© 2015 AC Voice. All Rights Reserved.
(Lola Fadulu)– Ironically, I returned to campus after Thanksgiving Break even more stressed out than I was when I left. On Sunday around midnight, I found myself pacing around anxiously in my cramped room. There were so many things that I needed to prepare for the upcoming week. But I could not figure out where to start. So I decided to temporarily detach myself from all of my academic responsibilities*. I closed my planner, connected my phone to my speakers, and started playing a Sergey Rachmaninov station on Pandora. I lay down on my bed and focused solely on the music. Soon afterwards, I started thinking about my work again but in a different light this time. I was sincerely curious about the material. I ended up completing some of my reading assignments and then found myself absorbed in one of my pleasure-reading books. I didn’t finish all of my assignments that night, but I definitely got a lot completed and was able to genuinely enjoy the material.
Since then, I’ve been focusing on the state of my mind before starting my work, and I’ve noticed that music often plays an influential role in my overall well-being. Unfortunately, I’ve realized that the music that what I had been listening to was influencing me negatively. I had lately been listening to “Styrofoam Plates” by Death Cab for Cutie on repeat as well as music from my Damien Rice and Jaymay Pandora stations. “Styrofoam Plates” is a song of hurt, abandonment, and hostility. I hadn’t consciously realized this until after one of my best friends from high school expressed her concern upon hearing that I could not stop listening to this song. I was surprised by her reaction and decided to read the lyrics because they’re difficult to decipher from just listening. Upon reading the lyrics, I realized how heavy of a song it was. I was shocked to find that I connected with the singer’s past experiences and current feelings in relation to familial bonds. I realized that I, perhaps subconsciously, picked up on the emotions attached to the inflections in his voice.

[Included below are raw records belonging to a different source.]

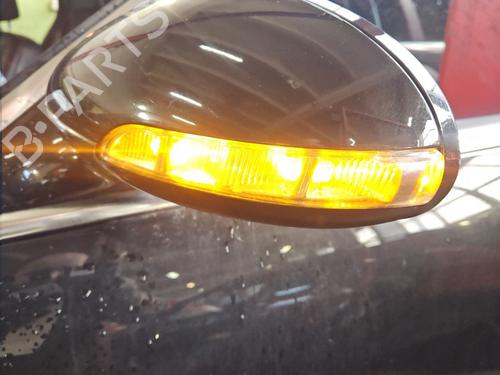 Used Left mirror Left mirror 37834701 37834701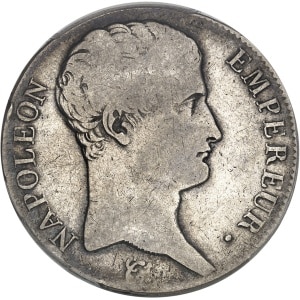lot 1747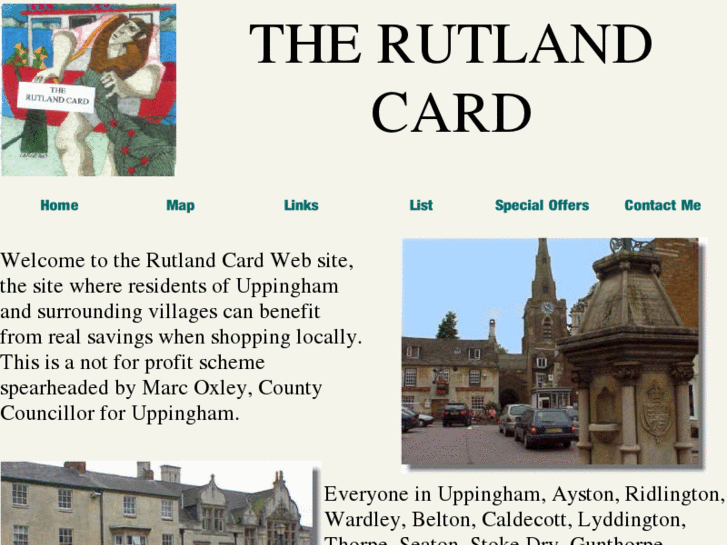 www.therutlandcard.co.uk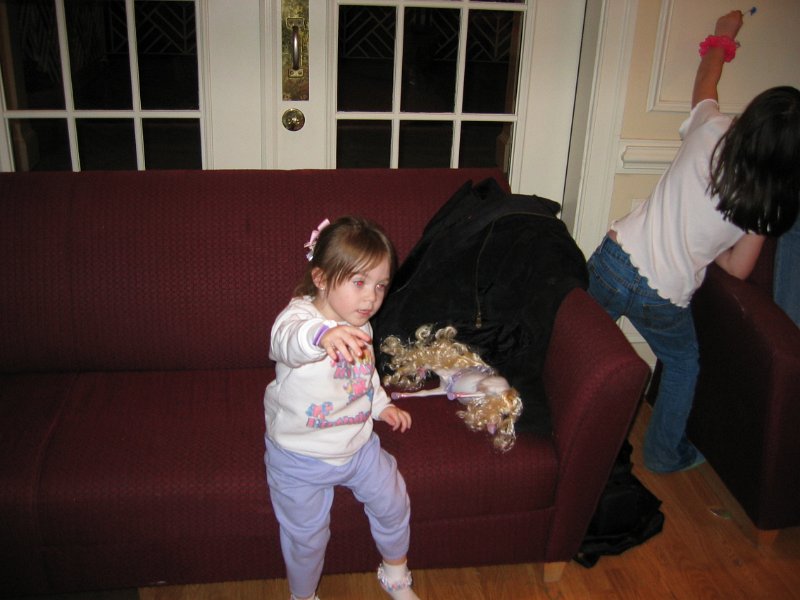 20041204 Jillian bday 68.JPG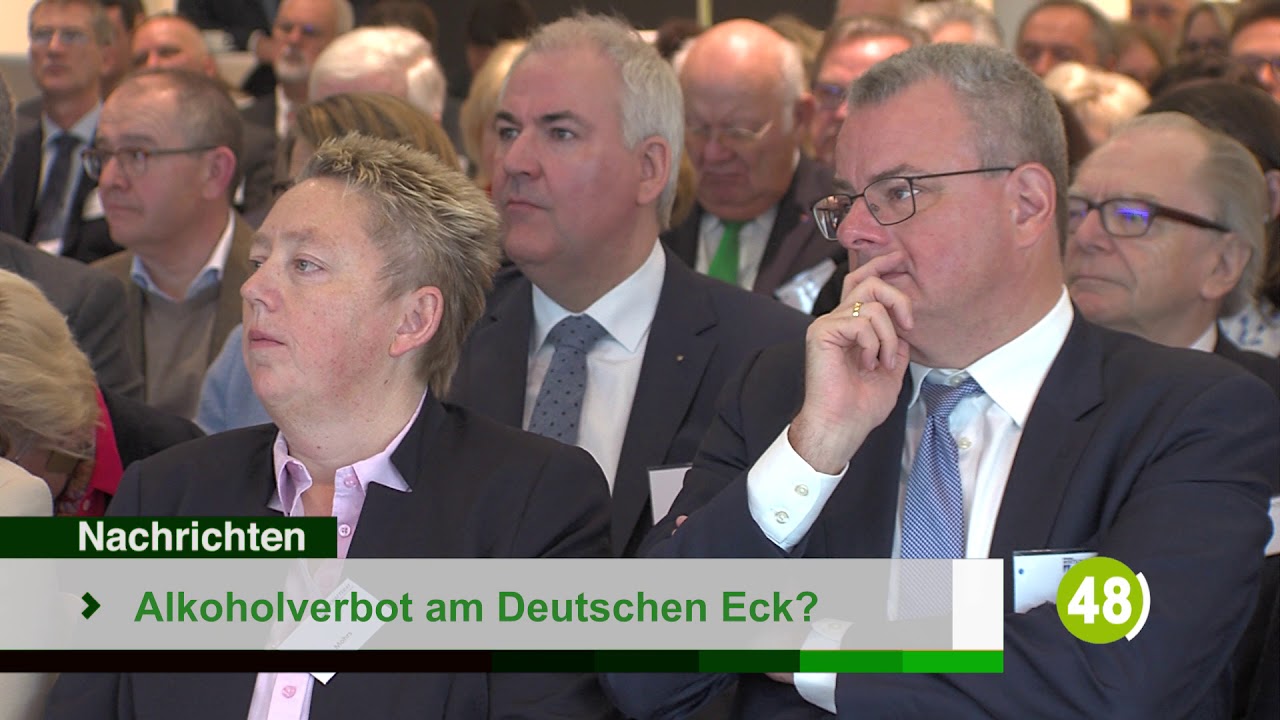 Gute Nachrichten Des Tages Die Top-Nachrichten des Tages | 16. Juni 2020 - YouTube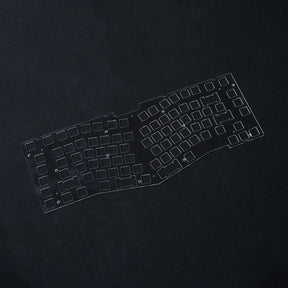 Keychron V10 Keyboard ANSI Layout PC Plate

In addition, I have given so much feedback (either by “liking” or “disliking” songs) on both my Damien Rice and Jaymay Pandora stations that they have turned into playlists of my favorite songs. On each playlist, around five of my thumbed-up songs will play in a row before Pandora introduces a new artist and song. As a result, I hear a lot of the same songs. Regulars on the station include “The Blower’s Daughter” by Damien Rice, “Creep” by Radiohead, as well as songs by Iron and Wine, City and Colour, Radical Face, Feist, and Bon Iver. In that their music features sparse instrumentation, soft but powerful vocals, and lyrics packed with emotions of unrequited love, loss, and insecurity, all of these artists are similar to each other. In a way, listening to this music has resurfaced my feelings of hurt, abandonment, hostility, insecurity, etc. without my permission and without my awareness. After listening to solely my Rachmaninov station, I’ve noticed that I’ve been friendlier towards both my peers and myself. This transition to a different style of music has also increased my enjoyment of doing my academic work.
(Sergey Rachmaninov; Google Images)
Despite the pleasure of discovering Rachmaninov and Debussy, I think what’s important from this experience is that I learned that whenever people advise us to, “take care of yourself,” they don’t focus enough on mental health and how much our smallest decisions (like the music we listen to) can gravely impact it. It seems as though at any institution of higher education, it’s inevitable that one will be stressed out, anxious, sleep deprived, etc. It’s viewed as a, normal, part of life and is somewhat glorified. It appears to be a way to gauge how hard one is working and is seen as something that should be commended. This is something that I can’t and don’t want to understand or accept. My mental health is extremely important to me because, in the end, my mind is all that I’ve got. I don’t want to damage it by expending energy on a task that I’m not mentally prepared to do. To clarify, I’m not saying that one should wait until they feel like doing their work but instead should try actively to heighten their happiness before starting work (listening to positive music, waltzing, etc.). It’s important to do your work here at Amherst and to do it in a fulfilling manner. However, one needs to delve into their work from a mentally sound standpoint. Otherwise, what will be attained or appreciated? Isn’t that why we are all here? To learn and appreciate many different disciplines? I know that’s why I am here.
I guess what I’m trying to say is, if you find yourself doing your work out of a feeling of necessity, perhaps sit down and relax until your curiosity draws you back to the material.
*It’s important to note that I do in fact do my work, and I don’t recommend this art form of detachment on a daily basis.